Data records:
--*--
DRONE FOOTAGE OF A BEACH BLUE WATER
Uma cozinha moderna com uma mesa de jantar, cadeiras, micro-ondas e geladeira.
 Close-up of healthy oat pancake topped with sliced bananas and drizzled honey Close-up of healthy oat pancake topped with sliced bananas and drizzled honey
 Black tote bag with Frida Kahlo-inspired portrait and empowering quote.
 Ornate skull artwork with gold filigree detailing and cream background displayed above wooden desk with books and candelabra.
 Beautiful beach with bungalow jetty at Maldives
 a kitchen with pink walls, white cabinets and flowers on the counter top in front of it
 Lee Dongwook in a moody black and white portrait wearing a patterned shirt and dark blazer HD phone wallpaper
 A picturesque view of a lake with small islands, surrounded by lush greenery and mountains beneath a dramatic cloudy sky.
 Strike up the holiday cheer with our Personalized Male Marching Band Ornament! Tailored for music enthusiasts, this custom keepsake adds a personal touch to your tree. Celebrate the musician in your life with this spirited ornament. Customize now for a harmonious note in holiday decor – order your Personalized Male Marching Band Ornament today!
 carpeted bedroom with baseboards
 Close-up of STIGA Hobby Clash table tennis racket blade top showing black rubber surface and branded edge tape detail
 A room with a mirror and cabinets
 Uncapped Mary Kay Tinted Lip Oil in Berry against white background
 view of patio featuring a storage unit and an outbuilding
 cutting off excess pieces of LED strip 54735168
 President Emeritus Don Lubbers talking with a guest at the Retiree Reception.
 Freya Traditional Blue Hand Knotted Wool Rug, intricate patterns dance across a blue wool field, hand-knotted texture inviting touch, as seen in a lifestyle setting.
--*--
Goal of the exercise :: Using the data above, report the number of lines that contain the string "portrait", and only that number.

Answer for this exercise :: 2